Sounds like the guy who cabled the line was either stupid or was just talking stupid.


----------



## plumb nutz (Jan 28, 2011)

He got paid for that? I gotta try that one...


----------



## 422 plumber (Jul 31, 2008)

What cutter do you use on vapor lock?


----------



## PLUMBER_BILL (Oct 23, 2009)

bkplumber said:


> I had a local plumber do a drain cleaning for me because i dont have a drain cleaner. This is a new construction job. The guy that came out told the HO that the plumbing system was vapor locked. Anyone ever heard of this?


*Well one time we installed a bar sink in a basement. The run of piping was about 50 feet the termination was in a Zoller under sink tank and a pump. We did not read the instuctions as to venting the tank, we installed a Studor vent on the tank. Needless to say it did not drain afer the first sinkfull. Would that not be vapor lock?*


----------



## Optimus Primer (May 20, 2009)

Attention Bayside500. :whistling2: :laughing:

By the way, How are you feeling Bill? Glad you pulled through.



PLUMBER_BILL said:


> *Well one time we installed a bar sink in a basement. The run of piping was about 50 feet the termination was in a Zoller under sink tank and a pump. We did not read the instuctions as to venting the tank, we installed a Studor vent on the tank. Needless to say it did not drain afer the first sinkfull. Would that not be vapor lock?*


----------



## Plumber Jim (Jun 19, 2008)

PLUMBER_BILL said:


> *Well one time we installed a bar sink in a basement. The run of piping was about 50 feet the termination was in a Zoller under sink tank and a pump. We did not read the instuctions as to venting the tank, we installed a Studor vent on the tank. Needless to say it did not drain afer the first sinkfull. Would that not be vapor lock?*


No, That is just because the AAV didn't allow for the air to escape the tank so it could take in the water. depending on layout that too can be overcome. I think it is studar that has an engineered vent design to take care of that.


----------



## Bayside500 (May 16, 2009)

*vapor lock is when a fluid such as gasoline gets hot in the fuel line and turns to a gas instead of a liquid, the fuel pump cannot pump gas (I.E air), only liquids.

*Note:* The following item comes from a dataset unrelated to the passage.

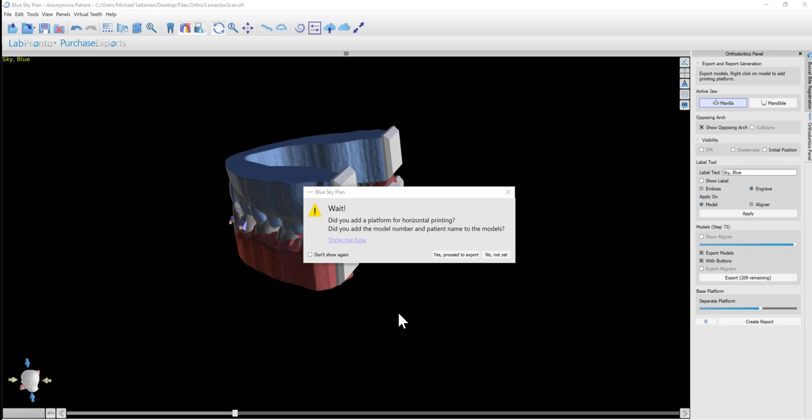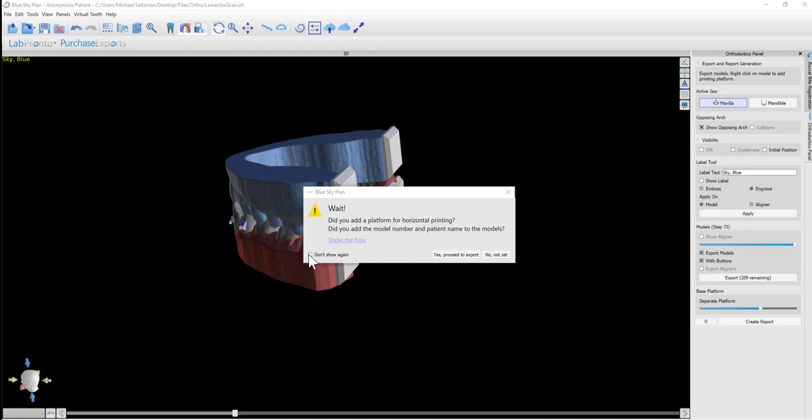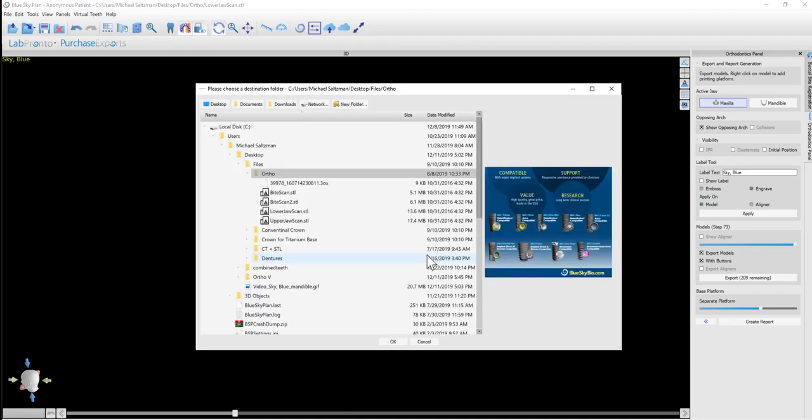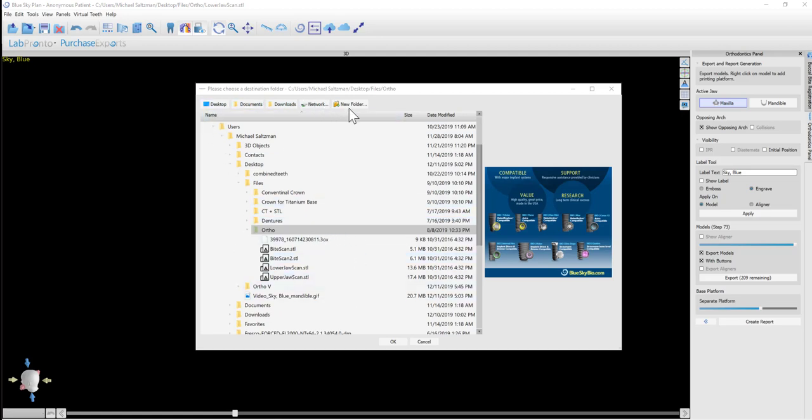Here again, the software is reminding us that before the export, to add the platform for printing and to add the model number and the patient name or unique identifier to the models. If we've done so, we just click Yes, Proceed to Export. Or No, Not Yet will cancel and allow us to go ahead and do that. Or if we don't want to get this message anymore, we just click the Don't Show Again checkbox and Yes, Proceed to Export.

modern cars do not have that problem as they have the fuel pump in the gas tank and run at much higher pressures than older cars that had the fuel pump mounted on the engine block.
*


----------



## Redwood (Sep 8, 2008)

Did he have a crack pipe hanging offa his lip? :blink:


----------



## RealLivePlumber (Jun 22, 2008)

Bayside500 said:


> *vapor lock is when a fluid such as gasoline gets hot in the fuel line and turns to a gas instead of a liquid, the fuel pump cannot pump gas (I.E air), only liquids.*
> 
> *modern cars do not have that problem as they have the fuel pump in the gas tank and run at much higher pressures than older cars that had the fuel pump mounted on the engine block.*


 
There is no such thing as "vapor lock" 

An expanding gas is a cooling gas.


----------



## Bayside500 (May 16, 2009)

RealLivePlumber said:


> There is no such thing as "vapor lock"
> 
> An expanding gas is a cooling gas.



http://en.wikipedia.org/wiki/Vapor_lock


----------



## Redwood (Sep 8, 2008)

RealLivePlumber said:


> There is no such thing as "vapor lock"
> 
> An expanding gas is a cooling gas.


You must be a child of the EFI Age... :laughing:


----------



## LEAD INGOT (Jul 15, 2009)

422 plumber said:


> What cutter do you use on vapor lock?


 I usually smear some Vicks Vapor Rub on my cutter when I run into that kind of mess.


----------



## RealLivePlumber (Jun 22, 2008)

Redwood said:


> You must be a child of the EFI Age... :laughing:


nah, quite the opposite. Spent the last half of the 70's, and all of the 80's, at a machine shop/auto parts store. Had every ASE cert. there is. Built more engines than I have installed toilets. But, what do I know?:laughing:


----------



## DUNBAR PLUMBING (Sep 11, 2008)

*I've cleared drains on air locked systems*

Where water is holding in a kitchen sink, attempt to clear the drain from above (top down) and if that doesn't work,

go downstairs and cut open walls to find a cleanout, open it, and all of a sudden a large air rush followed by everything you saw in the sink above, come roaring out of the piping system.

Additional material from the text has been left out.